Moreover, in contrast to the level set approach, our method provides a set of points near the scatterer, which can be used for computing a further refined surface representation like triangulation or higher-order interpolation. There are two major sources of inaccuracy in surface reconstruction: the inaccuracy of the factorization method itself and the error induced by the representation of the reconstructed surface, be it an isosurface or a set of points. As our algorithm controls the latter one, comparing with the ground truth aka the analytical description of the true surface allows for analysing the former error source far more easily than having only implicit surfaces available.
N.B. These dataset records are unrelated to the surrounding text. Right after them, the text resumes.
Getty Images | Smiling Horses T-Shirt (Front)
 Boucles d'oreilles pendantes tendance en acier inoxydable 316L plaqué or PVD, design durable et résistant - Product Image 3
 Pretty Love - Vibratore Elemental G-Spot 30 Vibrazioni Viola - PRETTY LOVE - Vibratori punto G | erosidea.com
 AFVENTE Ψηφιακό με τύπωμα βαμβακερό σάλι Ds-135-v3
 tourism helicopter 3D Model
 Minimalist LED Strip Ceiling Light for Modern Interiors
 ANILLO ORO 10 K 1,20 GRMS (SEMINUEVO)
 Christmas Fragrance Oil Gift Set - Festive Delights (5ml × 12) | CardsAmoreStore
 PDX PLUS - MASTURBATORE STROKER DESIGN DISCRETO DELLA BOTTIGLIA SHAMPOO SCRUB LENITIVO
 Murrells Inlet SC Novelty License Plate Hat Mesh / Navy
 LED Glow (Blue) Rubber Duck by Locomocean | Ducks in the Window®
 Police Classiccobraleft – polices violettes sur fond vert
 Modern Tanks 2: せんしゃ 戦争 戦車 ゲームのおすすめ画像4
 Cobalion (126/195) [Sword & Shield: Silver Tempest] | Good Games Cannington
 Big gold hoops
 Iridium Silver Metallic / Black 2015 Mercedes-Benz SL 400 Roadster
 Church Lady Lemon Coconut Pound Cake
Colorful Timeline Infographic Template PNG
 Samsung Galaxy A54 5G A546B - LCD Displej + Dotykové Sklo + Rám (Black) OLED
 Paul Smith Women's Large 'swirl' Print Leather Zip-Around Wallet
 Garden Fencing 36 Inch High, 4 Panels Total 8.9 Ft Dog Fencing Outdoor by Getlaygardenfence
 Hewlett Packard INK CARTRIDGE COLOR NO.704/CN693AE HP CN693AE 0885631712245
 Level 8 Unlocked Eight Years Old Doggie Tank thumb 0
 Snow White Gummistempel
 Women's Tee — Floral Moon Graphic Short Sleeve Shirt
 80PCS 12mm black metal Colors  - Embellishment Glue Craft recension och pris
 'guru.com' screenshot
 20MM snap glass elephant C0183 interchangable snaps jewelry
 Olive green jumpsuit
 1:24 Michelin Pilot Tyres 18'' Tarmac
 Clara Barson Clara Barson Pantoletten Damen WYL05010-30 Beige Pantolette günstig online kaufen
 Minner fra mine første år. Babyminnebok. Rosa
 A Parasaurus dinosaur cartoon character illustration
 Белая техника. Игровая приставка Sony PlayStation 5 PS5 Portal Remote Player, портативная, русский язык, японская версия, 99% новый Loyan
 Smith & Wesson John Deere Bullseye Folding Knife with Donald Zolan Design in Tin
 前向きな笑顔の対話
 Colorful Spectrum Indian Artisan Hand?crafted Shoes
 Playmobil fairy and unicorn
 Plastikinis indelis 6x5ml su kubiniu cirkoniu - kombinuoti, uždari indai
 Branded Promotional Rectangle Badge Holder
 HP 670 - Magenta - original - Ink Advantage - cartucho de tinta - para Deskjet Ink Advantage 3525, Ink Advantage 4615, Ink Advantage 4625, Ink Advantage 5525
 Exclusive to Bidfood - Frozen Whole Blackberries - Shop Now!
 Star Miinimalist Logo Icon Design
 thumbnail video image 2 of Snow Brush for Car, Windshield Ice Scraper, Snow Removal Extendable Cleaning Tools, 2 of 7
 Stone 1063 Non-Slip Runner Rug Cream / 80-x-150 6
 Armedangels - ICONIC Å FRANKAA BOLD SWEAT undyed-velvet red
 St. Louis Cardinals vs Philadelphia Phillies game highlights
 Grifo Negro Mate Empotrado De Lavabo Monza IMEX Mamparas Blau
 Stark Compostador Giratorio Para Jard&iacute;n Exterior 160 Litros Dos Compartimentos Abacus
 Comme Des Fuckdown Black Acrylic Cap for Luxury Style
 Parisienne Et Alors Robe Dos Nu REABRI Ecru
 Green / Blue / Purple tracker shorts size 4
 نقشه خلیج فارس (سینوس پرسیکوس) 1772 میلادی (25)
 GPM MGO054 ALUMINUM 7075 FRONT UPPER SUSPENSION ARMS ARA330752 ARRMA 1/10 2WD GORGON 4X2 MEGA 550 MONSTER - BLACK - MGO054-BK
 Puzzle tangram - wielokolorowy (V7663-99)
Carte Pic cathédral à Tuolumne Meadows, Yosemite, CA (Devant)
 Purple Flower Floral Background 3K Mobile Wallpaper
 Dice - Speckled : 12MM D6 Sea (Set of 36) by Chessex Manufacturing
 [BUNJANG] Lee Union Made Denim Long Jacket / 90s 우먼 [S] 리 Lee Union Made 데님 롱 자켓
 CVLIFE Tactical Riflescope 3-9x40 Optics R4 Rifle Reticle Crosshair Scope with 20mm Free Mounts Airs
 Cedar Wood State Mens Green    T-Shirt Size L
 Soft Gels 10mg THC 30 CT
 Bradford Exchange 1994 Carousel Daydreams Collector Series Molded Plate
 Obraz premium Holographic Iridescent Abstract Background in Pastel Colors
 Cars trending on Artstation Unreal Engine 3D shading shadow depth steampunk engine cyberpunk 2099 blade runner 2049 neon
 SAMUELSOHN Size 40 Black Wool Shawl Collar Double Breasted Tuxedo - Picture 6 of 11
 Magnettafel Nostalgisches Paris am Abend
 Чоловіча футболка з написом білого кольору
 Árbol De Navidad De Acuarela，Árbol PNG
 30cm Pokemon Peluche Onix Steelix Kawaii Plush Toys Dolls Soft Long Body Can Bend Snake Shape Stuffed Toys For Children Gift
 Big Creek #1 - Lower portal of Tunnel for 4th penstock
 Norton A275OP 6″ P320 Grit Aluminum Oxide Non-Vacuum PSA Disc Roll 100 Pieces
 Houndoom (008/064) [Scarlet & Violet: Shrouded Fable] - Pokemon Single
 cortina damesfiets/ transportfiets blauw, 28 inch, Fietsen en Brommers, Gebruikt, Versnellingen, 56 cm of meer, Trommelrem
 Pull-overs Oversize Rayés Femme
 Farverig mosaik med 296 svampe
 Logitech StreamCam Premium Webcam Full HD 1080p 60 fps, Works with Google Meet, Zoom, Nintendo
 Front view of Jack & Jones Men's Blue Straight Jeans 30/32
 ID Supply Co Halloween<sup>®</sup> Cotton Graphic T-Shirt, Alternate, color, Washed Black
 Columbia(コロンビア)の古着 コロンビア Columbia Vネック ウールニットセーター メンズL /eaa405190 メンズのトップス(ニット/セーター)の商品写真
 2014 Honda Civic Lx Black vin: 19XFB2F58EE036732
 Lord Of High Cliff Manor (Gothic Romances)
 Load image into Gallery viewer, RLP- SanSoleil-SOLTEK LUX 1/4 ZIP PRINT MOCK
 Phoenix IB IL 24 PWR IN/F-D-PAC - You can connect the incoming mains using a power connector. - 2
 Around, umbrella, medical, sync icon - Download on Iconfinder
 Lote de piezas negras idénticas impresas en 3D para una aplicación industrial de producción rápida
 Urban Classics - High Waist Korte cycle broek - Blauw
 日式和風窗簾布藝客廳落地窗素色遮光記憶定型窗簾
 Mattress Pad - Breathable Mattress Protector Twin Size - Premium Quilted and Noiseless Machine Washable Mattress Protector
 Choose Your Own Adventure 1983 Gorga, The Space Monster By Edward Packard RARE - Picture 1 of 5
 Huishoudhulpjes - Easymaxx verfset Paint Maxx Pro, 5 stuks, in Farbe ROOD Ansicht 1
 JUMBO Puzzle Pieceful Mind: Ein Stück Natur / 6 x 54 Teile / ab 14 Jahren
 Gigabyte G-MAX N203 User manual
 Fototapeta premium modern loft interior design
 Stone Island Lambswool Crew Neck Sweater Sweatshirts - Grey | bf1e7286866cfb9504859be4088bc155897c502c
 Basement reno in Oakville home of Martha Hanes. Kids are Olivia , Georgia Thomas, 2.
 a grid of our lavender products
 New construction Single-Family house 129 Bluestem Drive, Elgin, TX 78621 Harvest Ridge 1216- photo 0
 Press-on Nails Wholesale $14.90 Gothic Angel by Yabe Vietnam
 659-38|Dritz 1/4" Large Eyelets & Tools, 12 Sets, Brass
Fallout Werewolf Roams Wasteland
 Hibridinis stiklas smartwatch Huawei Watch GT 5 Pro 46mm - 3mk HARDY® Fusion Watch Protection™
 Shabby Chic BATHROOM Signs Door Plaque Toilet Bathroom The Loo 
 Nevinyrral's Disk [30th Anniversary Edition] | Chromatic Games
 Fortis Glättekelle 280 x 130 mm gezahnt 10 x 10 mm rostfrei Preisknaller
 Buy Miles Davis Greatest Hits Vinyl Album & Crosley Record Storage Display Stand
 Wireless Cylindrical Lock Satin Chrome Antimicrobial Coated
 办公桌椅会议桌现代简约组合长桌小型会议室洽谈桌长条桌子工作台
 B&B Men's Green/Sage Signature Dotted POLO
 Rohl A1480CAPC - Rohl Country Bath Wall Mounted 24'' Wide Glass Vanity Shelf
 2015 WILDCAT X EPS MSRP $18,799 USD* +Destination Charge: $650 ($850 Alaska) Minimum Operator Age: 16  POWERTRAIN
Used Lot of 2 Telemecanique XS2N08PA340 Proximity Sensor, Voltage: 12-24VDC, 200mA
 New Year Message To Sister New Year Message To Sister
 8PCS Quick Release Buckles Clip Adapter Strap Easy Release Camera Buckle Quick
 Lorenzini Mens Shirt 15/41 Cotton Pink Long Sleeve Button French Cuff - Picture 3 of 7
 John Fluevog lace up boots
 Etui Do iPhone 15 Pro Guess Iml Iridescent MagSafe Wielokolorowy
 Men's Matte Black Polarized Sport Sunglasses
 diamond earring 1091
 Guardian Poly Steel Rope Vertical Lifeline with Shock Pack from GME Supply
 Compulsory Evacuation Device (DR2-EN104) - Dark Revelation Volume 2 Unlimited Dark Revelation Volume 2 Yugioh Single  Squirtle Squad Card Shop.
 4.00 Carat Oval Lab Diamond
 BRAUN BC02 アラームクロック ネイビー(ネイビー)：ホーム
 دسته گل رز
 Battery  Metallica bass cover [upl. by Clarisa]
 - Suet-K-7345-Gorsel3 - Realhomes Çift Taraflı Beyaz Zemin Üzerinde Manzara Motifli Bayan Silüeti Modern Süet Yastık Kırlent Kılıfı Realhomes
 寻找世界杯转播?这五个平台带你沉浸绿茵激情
Table 7 Number of function evaluations per building block for reconstructing the scatterers

Remark 4.2

In our tests, we do not commit to inverse crime. The far field data used for reconstruction later one have been produced using boundary element collocation with high accuracy. The inverse problem is solved using Kirsch’s factorization method combined with the algorithm proposed in this work.

5 Conclusions and outlook

In this article, we presented a method for approximating manifolds of discontinuity of a function f in 2D and 3D and demonstrated successful applications of our method to multi-criteria decision aid, to generic test cases connected with the detection of faults and to an inverse acoustic scattering problem. In all cases, our method requires significantly fewer evaluations of f than previously existing algorithms we compared our method to. At least for the inverse acoustic scattering problem, this leads to a significant acceleration of the overall reconstruction, as computing the factorization method dominates the computational time even in our computations, where the number of such computations could be reduced by a factor of approx. 7 to 12.

Table 8 Total number of triplets after the respective building block for reconstructing the scatterers

Our algorithm could be easily enhanced with classification algorithms as in [17] in order to consider more general functions than we did, provided the classification is certain. This enables for tackling fault detection problems and for applying our method for interpolation of piecewise smooth functions assuming that f is smooth on \(\Omega _1, \hdots , \Omega _n\) with \(\Omega = \overline{\Omega _1} \cup \hdots \cup \overline{\Omega _n}\), but globally discontinuous. In [35], the authors propose interpolation with radial basis functions on each \(\Omega _i\) in this setting. This however requires knowledge about the boundaries of each \(\Omega _i\) which could be obtained using our method. For that purpose, [35] provides a fault detection algorithm based on local approximation properties. Combining these two approaches is the subject of our current research.